AirBnB - New York

The Concept:

Entering into the world of AirBnB as a prospective host can be tricky. With so many properties listed, hosts active, and guest desires, it can be difficult to see how your property can measure up. Knowing what price to attach to your listing can mean the difference between a dormant domicile and a regularly rented residence. We set out in search of what attributes of an AirBnB rental most influenced its price. When searching for a place to stay, the location, number of bedrooms, number of bathrooms, amenities, host reliability, and many other factors play into what you would choose and how much you're willing to pay, but how do we use this to determine the best price for a listing of our own? Below, you can see the steps we took to tackle this very problem.

The Team:

  • Justin Frank
  • Leo Ramirez
  • Veohnti Afokpa
  • Tari Okoya-Koren
  • Araz Ohanessian
  • Milton Dimas

The Data Source:

The data we worked with came from an open data source InsideAirbnb.

The Process:

Data Cleaning:

listings_data_cleaning.ipynb

Provided with a thorough New York AirBnB listing dataset, the first task was isolating the relevant data and cleaning it for our purposes. Using pandas and data exploration tools in Jupyter Notebook, Leo found Nan value data points, listings with zero availability, and features irrelevent to our process. Considering we were also going to compare price to location, all listings lacking an exact location were dropped. Employing dataframe cleaning measures, he was then able to transform the dataset into one that's cleaner, consistent, and easy to use. Finally, the newly cleaned data was exported as a CSV for application in all the following processes.

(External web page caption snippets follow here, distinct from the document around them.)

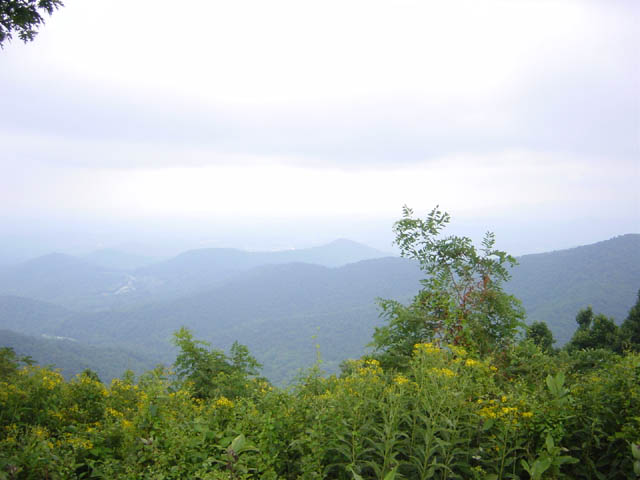DSC01733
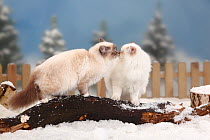 Two Sacred Cats of Burma / Birman, blue-tabby-point and chocolate-tabby-point touching noses, standing on a log in snow, with picket fence behind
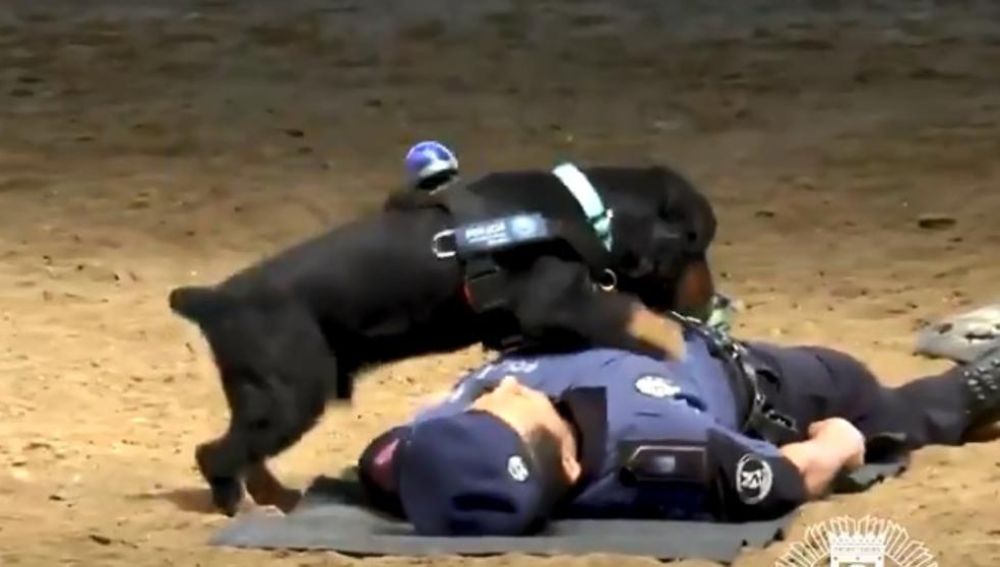 Poncho, el perro policía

Tableau part 1- Tari, Araz

Tableau Public

Furthering the data exploration process, Tari and Araz created Tableau visualizations to ascertain which features showed a strong correlation with a listing's price. The items seen to show an impact on price were logged and then used to train the machine learning models, referenced below.

Machine Learning part 1 - Veohnti, Milton

initial_machine_learning_attempt.ipynb

Using the features deemed relevant from Tableau, Veohnti and Milton trained both Ridge and SVR maching learning models. Unfortunately, however, the models returned dismal accuracy scores. While these models were ultimately unusable, we learned two things from the process: 1. Our feature selection was narrow and limited to our presupposed notion of what would impact price. With such an expansive dataset, it was important for us to explore the possibility of seemingly inconsequential features affecting price. 2. The visualizations we created were only showing the correlation between price and a given feature. What they didn't tell us were the weights each feature had on price affect. This is to say, we could conclude which features were affecting price, but not which were affecting price the most.

Machine Learning part 2 - Leo

xgboost_airbnb_ny.ipynb

To correct our approach, XGBoost was employed to gain the weights of each feature and more accurately train a model. Once done, the XGBoost model presented a 70% accuracy score, a far better result than the preceeding regression models.

Tableau part 2 - Tari, Araz

Tableau Public 1 2

Seeing the new weights and relevant features, Tari and Araz once again applied Tableau to the data and reconfirmed the relations of features to median price. The visuals show why or why not a feature had a relation to a given listing's price.

Machine Learning part 3 - Veohnti, Milton

neural_net_models.ipynb

To ensure that a 70% accuracy score was the most accurate model we could apply, Veohnti and Milton experimented with Neural Net Modeling. Using multiple layers and an SGD Optimizer, several accuracy tests were performed. The end results showed scores just shy of that of the XGBoost model.

Predict Prices - Justin

user_input.ipynb

Working with the cleaned data provided by Leo, Jupyter Notebook widgets were imported and used to create an interactive user input form. The input values were set to be live updating and could be pulled for use in a machine learning model prediction formula. After compiling the new input data, a function was defined to first aggregate and zip the data with their respective titles. Next, the data was logged, scaled using the predefined training data, and funneled through the XGBoost predict method. Finally, the output was produced and put through and inverse logarithm function. This resulted in the final predicted price for the user's listing.

How to use:

Run the data through the data cleaning notebook and it will generate a CSV title "listings.csv". Once created, you can run the xgboost_airbnb_ny.ipynb notebook which will automatically pull "listings.csv". This notebook will run further cleaning and transformations to set up the data for machine learning. Then, the notebook will proceed to perform analyses, provide visuals, and create the XGBoost machine learning model. Once completed, this will also export two new CSVs for use in the user_input.ipynb notebook. This notebook will finally create the input form for listing price prediction.